O grupo que se juntou em Orpheu, nesse ano de 1915, em que a guerra rasgava a Europa e em Portugal vigorava a 'ditadura' de Pimenta de Castro, tinha raras convergências de talentos.
Os directores eram, para Portugal, Montalvor, para o Brasil, o poeta Ronald de Carvalho; o editor era António Ferro, depois 'ministro da Propaganda' de Salazar; e os colaboradores são três génios do nosso século XX – Mário de Sá-Carneiro, Fernando Pessoa (Álvaro de Campos publicava aí O Operário e a Ode Triunfal) e José de Almada Negreiros.

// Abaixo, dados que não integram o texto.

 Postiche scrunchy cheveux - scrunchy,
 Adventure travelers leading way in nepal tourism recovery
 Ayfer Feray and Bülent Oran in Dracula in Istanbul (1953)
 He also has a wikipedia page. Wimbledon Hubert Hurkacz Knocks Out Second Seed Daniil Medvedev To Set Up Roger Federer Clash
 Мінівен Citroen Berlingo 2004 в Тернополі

A reunião efémera destes génios, faz a fama de Orpheu; que também era modernista e revolucionariamente iconoclasta. No desinteressante país dos republicanos de bengala e chapéu de coco, encarniçados contra jesuítas e religiosos em geral, a ética e estética de Orpheu eram 'novas' e levantavam fúrias.

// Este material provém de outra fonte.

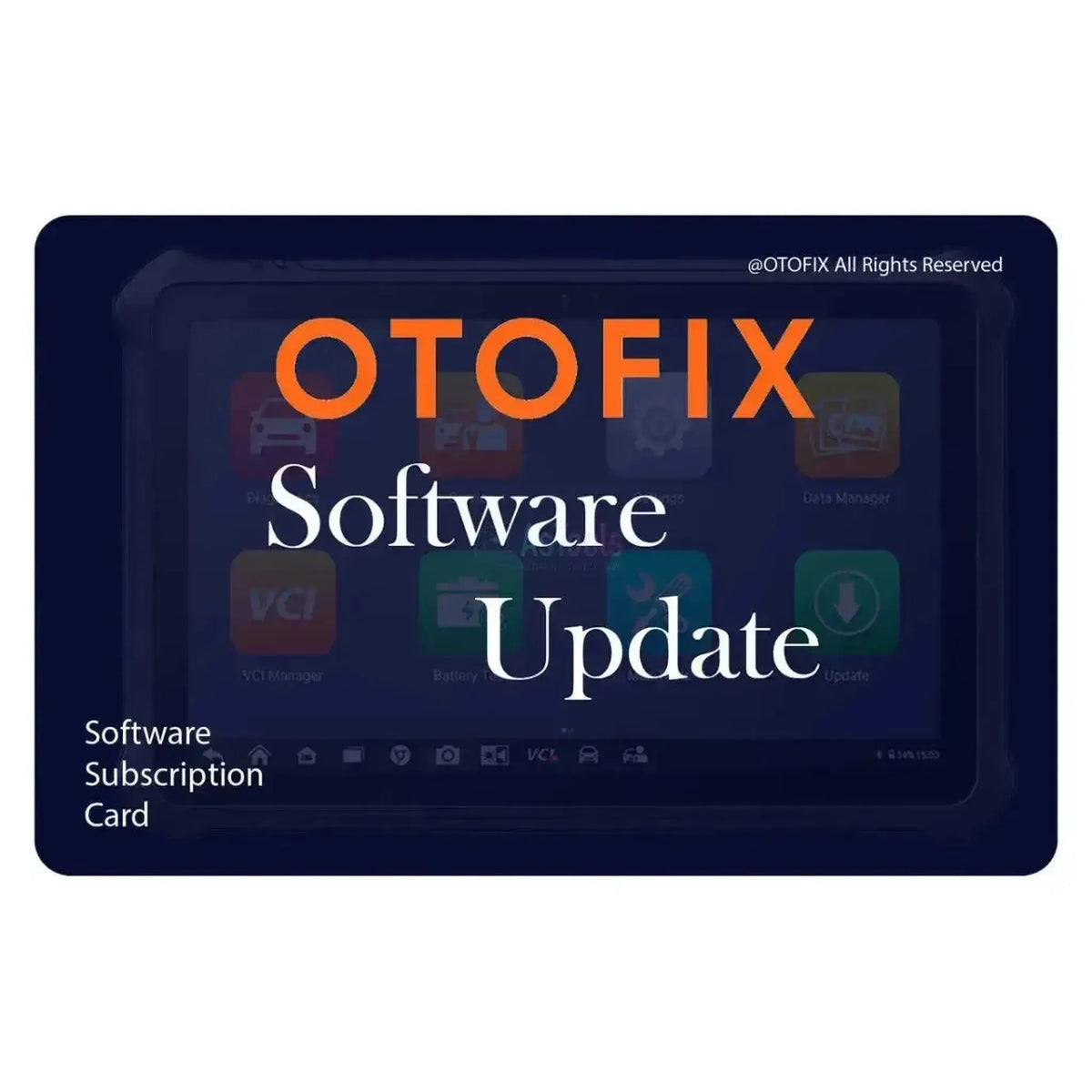 OTOFIX D1 Lite | Licenza di Aggiornamento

A fúria tinha também a ver com os conteúdos e com a dissidência política, que o pensamento de colaboradores como Pessoa/Álvaro de Campos e Almada, em choque com a vulgata político-ideológica dos democráticos, despertava.
Porque o modernismo europeu – e americano – se levou a novos limites a procura iluminista do novo e do individual, desafiando tudo o que soava ao conformismo correcto e 'burguês' do liberalismo pomposo e endinheirado do século XIX, se fascinou com as máquinas, com as cidades, com as fábricas, também voltou à História, aos Heróis, à memória dos mitos fundacionais.
Desta síntese da radicalidade do ego iconoclasta – bebida em Nietzsche e na sua dialéctica de extremos – com a restauração dos sinais e valores da Memória e da Tradição e a recusa do optimismo e do progressismo – nasceu um modernismo reaccionário, um nacionalismo activista e simbolista, expresso ou subentendido na forma e na inspiração da poesia e da crítica de Pessoa e de Almada, mas também no espírito e na forma geral dos seus companheiros.
Alguns escribas actuais que não percebem o mundo fora das lentes deformadoras do ressentimento ideológico, andam por aí a ver se tapam o sol com a peneira, tentando uma desvinculação política do primeiro modernismo português ou caluniando os seus protagonistas mais definidos. Não parece que vão ter muita sorte.